* **Your instructions**:
Your answer is the line containing "Charlotte Fiell: Design von Frauen, Buch" plus every line after it through the end of the records, printed exactly and free of pictures.

(Crawled caption data)
────────────────────

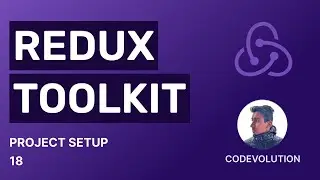 Redux Toolkit Tutorial - 18 - Project Setup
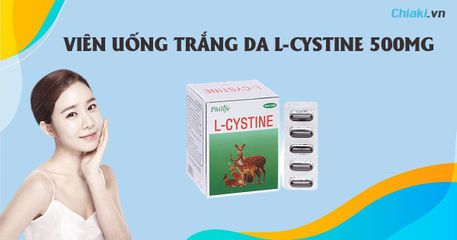 Review viên uống trắng da L-Cystine 500mg: Công dụng, liều dùng, giá bán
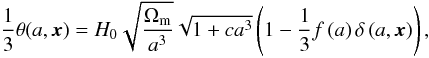 \begin{equation} \frac{1}{3}\theta(a,\bx) = H_{0}\sqrt{\frac{\Omega_{\rm m}}{a^{3}}}\sqrt{1+ca^{3}} \left(1-\frac{1}{3}f\left(a\right)\delta\left(a,\bx\right)\right), \label{eq:thetapert} \end{equation}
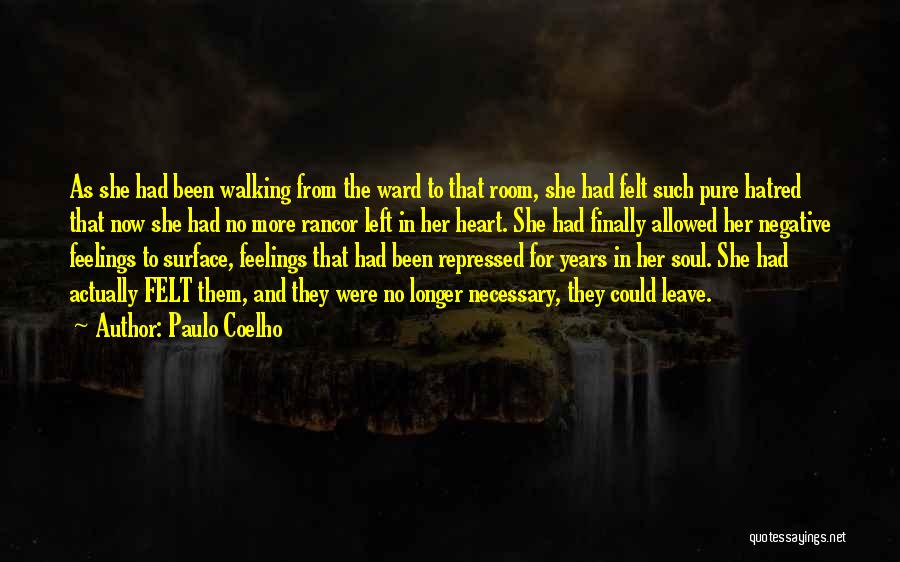 Rancor Quotes By Paulo Coelho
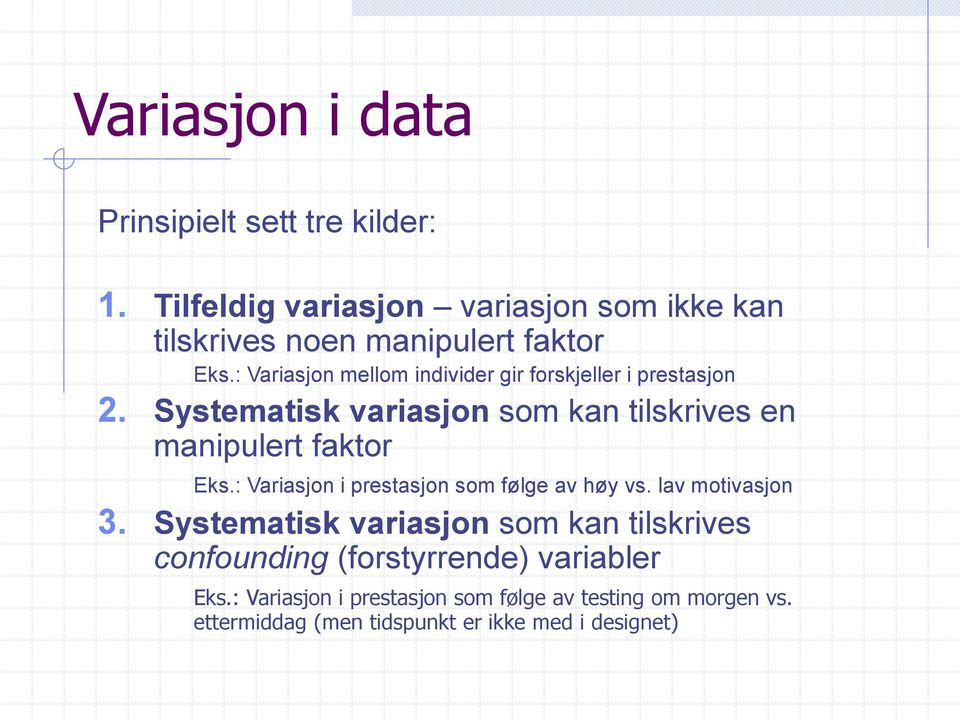 : Variasjon mellom individer gir forskjeller i prestasjon 2. Systematisk variasjon som kan tilskrives en manipulert faktor Eks.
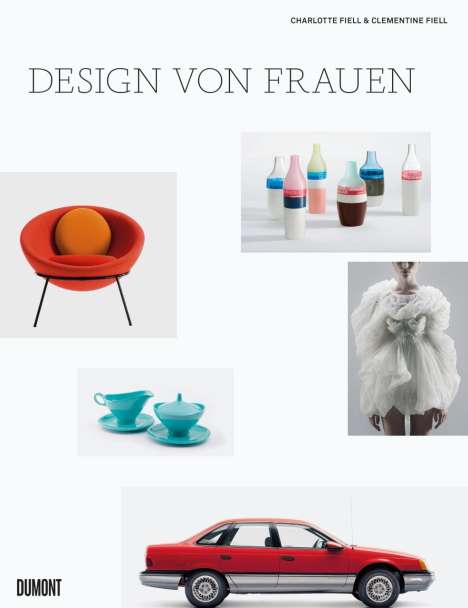 Charlotte Fiell: Design von Frauen, Buch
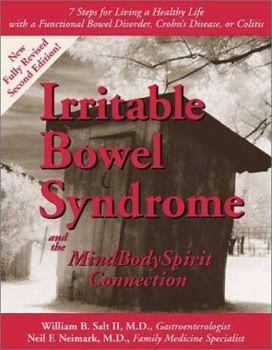 Paperback Irritable Bowel Syndrome & the Mindbodyspirit Connection: 7 Steps for Living a Healthy Life with a Functional Bowel Disorder, Crohn's Disease, or Coli Book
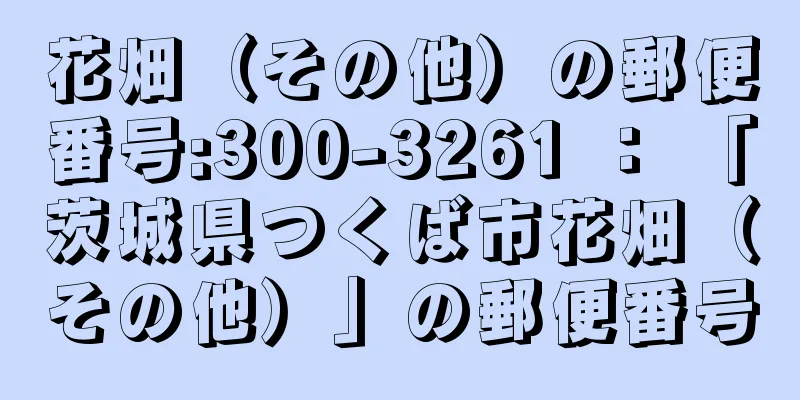 花畑（その他）の郵便番号:300-3261 ： 「茨城県つくば市花畑（その他）」の郵便番号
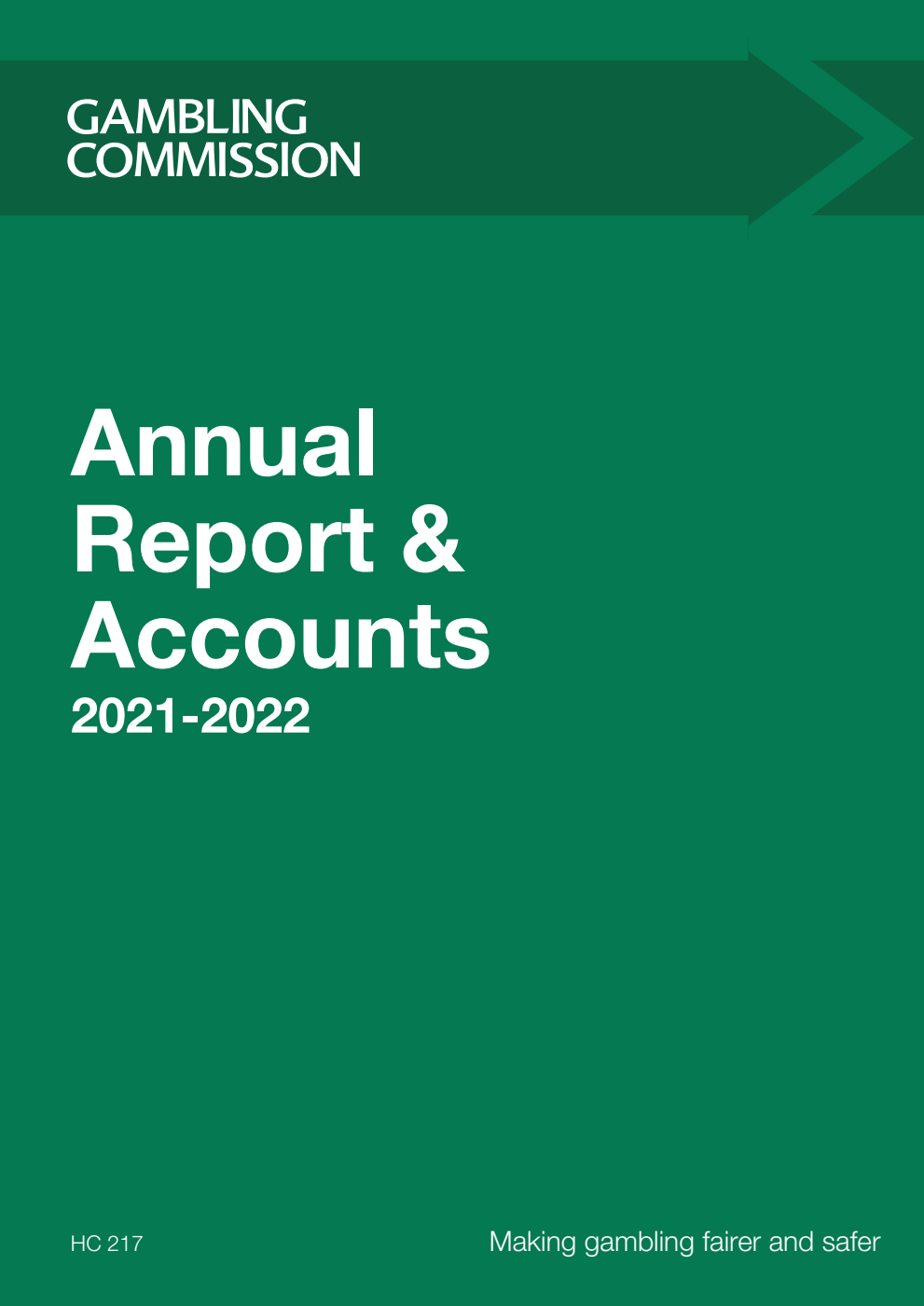 Gambling Commission Annual Report and Accounts for the period 1 April 2021 to 31 March 2022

────────────────────

* **Output of the exercise**:
 Charlotte Fiell: Design von Frauen, Buch
 Paperback Irritable Bowel Syndrome & the Mindbodyspirit Connection: 7 Steps for Living a Healthy Life with a Functional Bowel Disorder, Crohn's Disease, or Coli Book
 花畑（その他）の郵便番号:300-3261 ： 「茨城県つくば市花畑（その他）」の郵便番号
 Gambling Commission Annual Report and Accounts for the period 1 April 2021 to 31 March 2022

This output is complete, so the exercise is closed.